Tuesday 25 August 2015

The Big Lie by Julie Mayhew reviewed by Rhian Ivory


 



 

The Big Lie by Julie Mayhew

Synopsis

“I am a good girl. It is my most defining feature. And that’s the truth.”

What if the Nazis had won WWII? What if one girl could win it back? If only for herself…

Buckinghamshire 2014. Jessika Keller is one of the Third Reich’s shining lights. She is an exemplary member of the Bund Deutscher Mädel, a future figure skating champion and the apple of her father’s eye. But when her neighbour and lifelong friend Clementine challenges the regime, Jessika begins to understand the frightening reality of the society in which she lives.

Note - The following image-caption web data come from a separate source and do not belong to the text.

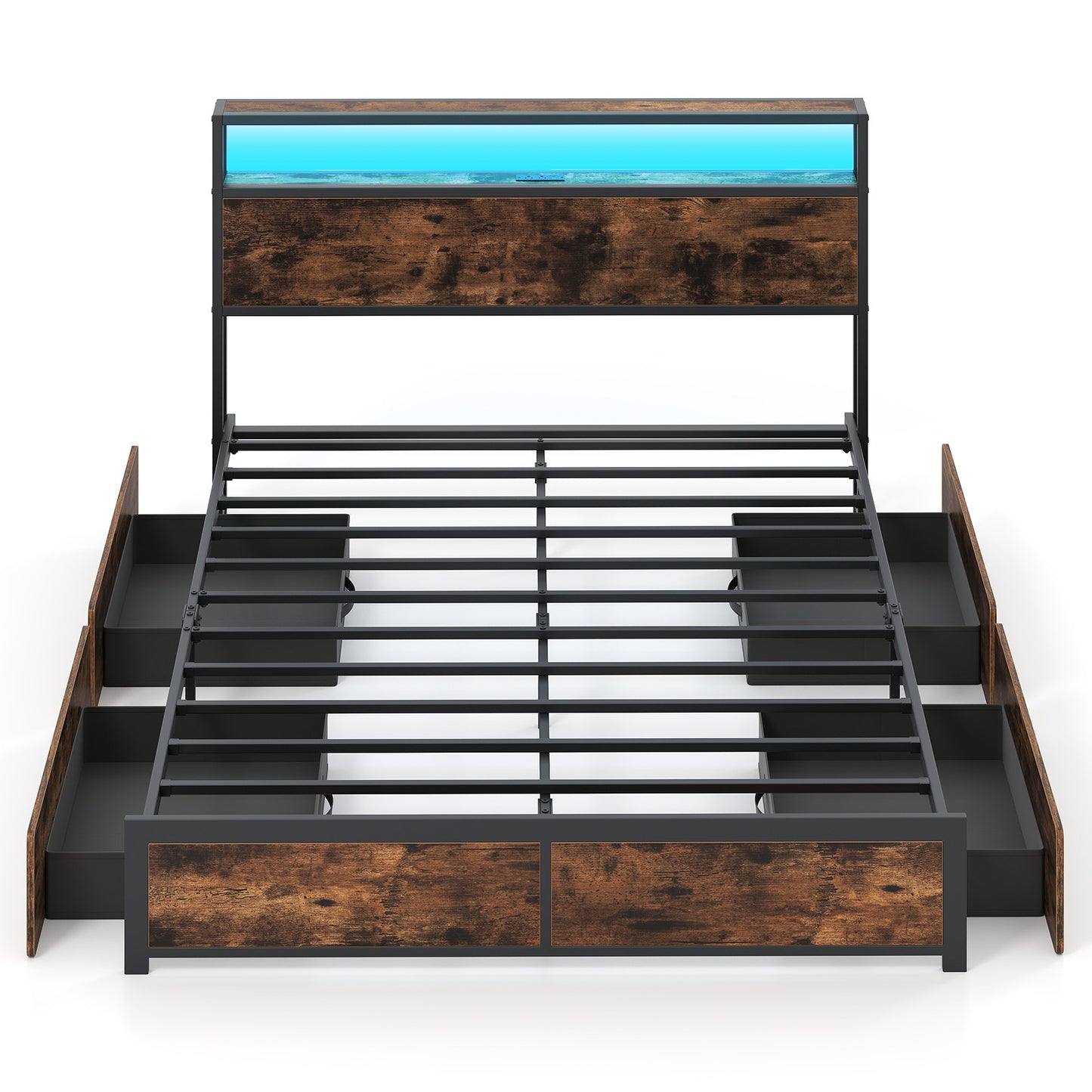 Full/Queen Size LED Bed Frame with Charging Station and 4 Storage Drawers-Queen Simple Bed Frame at Gallery Canada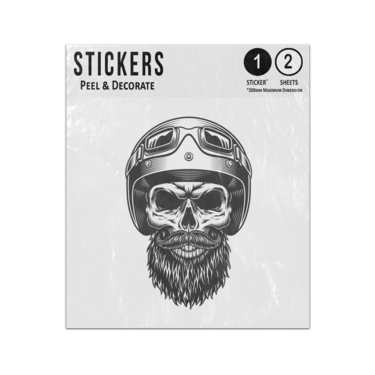 Picture of Monochrome Vintage Skull Motorbike Rider With Beard Sticker Sheets Twin Pack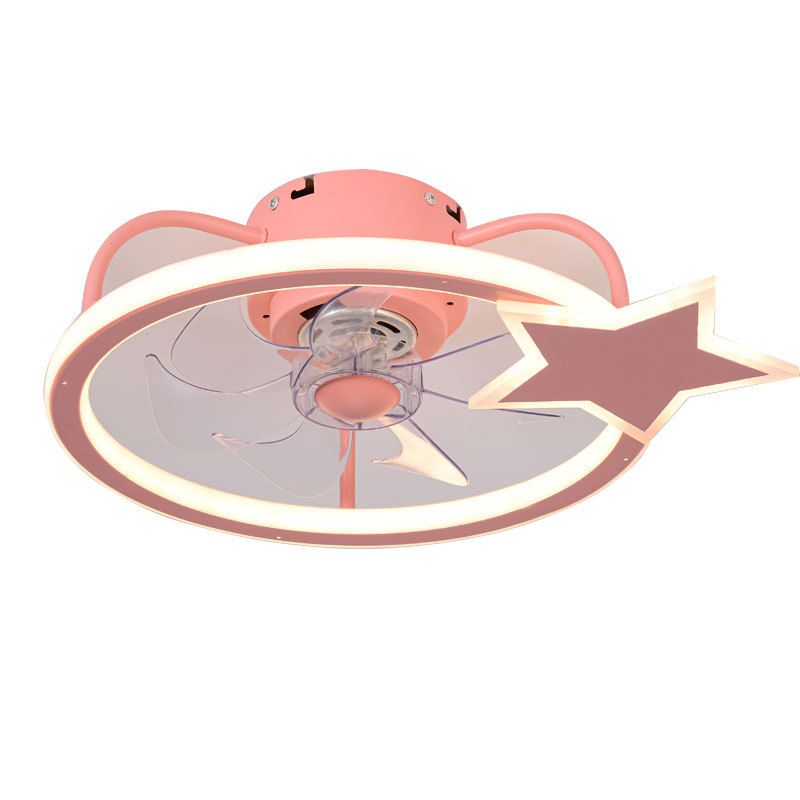 Cartoon LED Semi Flush Lampe Circular Fan Ventimeur avec une teinte acrylique pour la salle des enfants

The Big Lie is an alt-history thriller which asks readers to examine their own attitudes to feminism, sexuality and revolution.

 

Review

One of the central themes in The Big Lie is of course the concept of lying and the lies we all tell, big and small, black or white. Mayhew repeatedly plays with the notion of lying by drawing characters who ‘leave out something that they didn’t realise was really very crucial to everyone else. That isn’t a lie. But it can be as bad as telling a lie.’

The protagonist Jessika Keller is a good girl who is driven by a desperate desire to please. Jess feels a huge responsibility to please her father and the patriarchy that dominates her world. When Jess’s feelings for her female friends start to change she knows this is something that must be kept from her father, she tries to reassure herself that this isn’t a lie, it is just leaving out something.

‘A very small victory. I knew something he didn’t.’

And these feelings are universal to all readers and ones we can identify with, that sensation of power, of knowledge and having secrets from your parents. Even though she has secrets Jess tries very hard to be outwardly normal, obeying the rules and making sure that those around her do the same, no matter what the cost to her friendship with Clementine.

‘Then Clementine said: ‘It’s hard for you…But at least I know what I am.’

Although Jess is living in what most readers would view as a nightmare scenario, to her it is normal life. Maintaining a sense of normality, being the very model of a perfect girl drives Jess on even when she knows that the biggest lie of all is the one she’s telling herself.

‘I had proved that I was normal, and special…I mustn’t let people get close to me. Only bad came of it.’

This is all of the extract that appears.